So viele Klischees
In Erfurt soll eine Moschee gebaut werden, der Widerstand dagegen ist groß
Taktisch betrachtet machen die Muslime viele Fehler - und der schwerwiegendste ist, den Image-Film noch einmal zu zeigen, den die Vertreter der Ahmadiyya-Muslim-Jaamat-Gemeinde schon während einer Pressekonferenz vor einigen Wochen gezeigt haben. Er ist mit einer Dauer von etwa fünfzehn Minuten nicht nur viel zu lang. Für eine Pressekonferenz.
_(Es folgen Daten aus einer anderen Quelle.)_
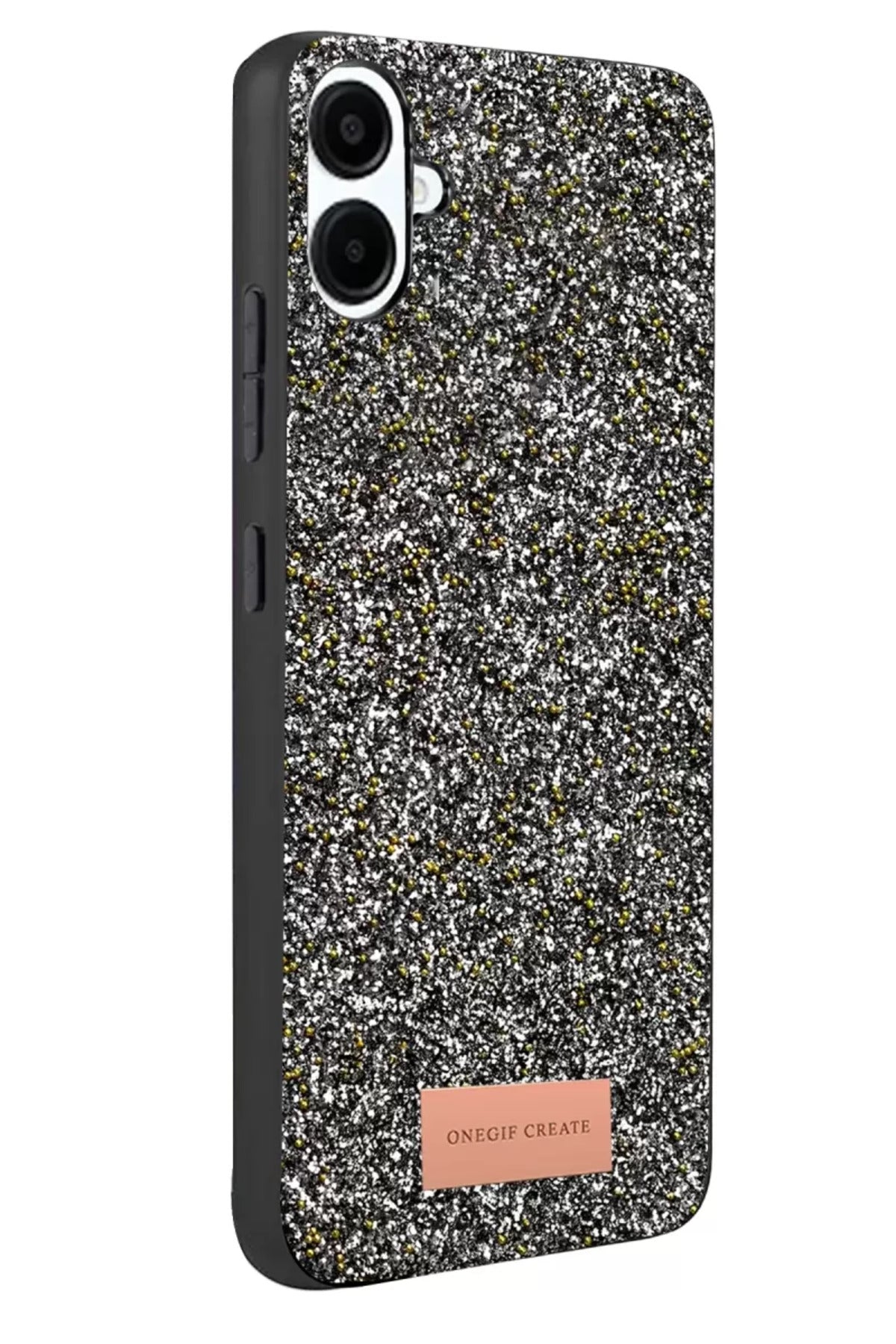 Onegif Samsung Galaxy A07 4G Uyumlu Bright Simli Kapak - Gold
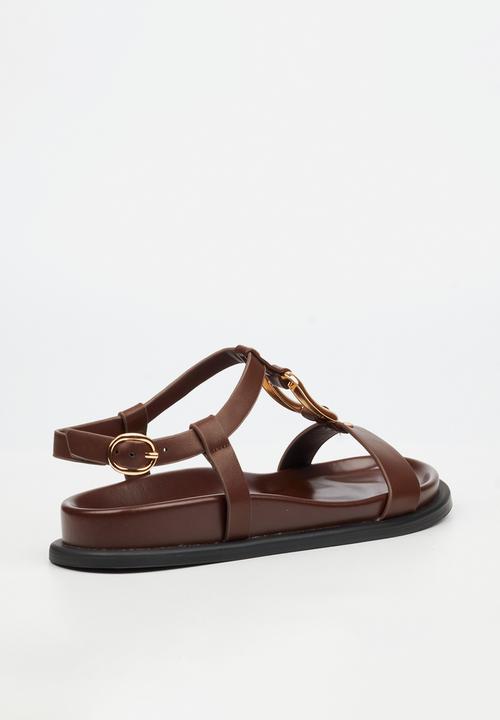 Miss Black - Polpetta 4 gold trim sandal - chocolate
Für die Einwohnerversammlung, zu der sich an diesem Sonntagnachmittag in Erfurt-Marbach viele, bald - gemessen an den Kapazitäten - viel zu viele Menschen in den größten Raum des Ortsteils drängen. Dutzende müssen deshalb vor dem Gebäude bleiben. Drinnen sind Sitzplätze für etwa 300 Menschen, an den Rändern des Saals stehen da schon Dutzende weitere.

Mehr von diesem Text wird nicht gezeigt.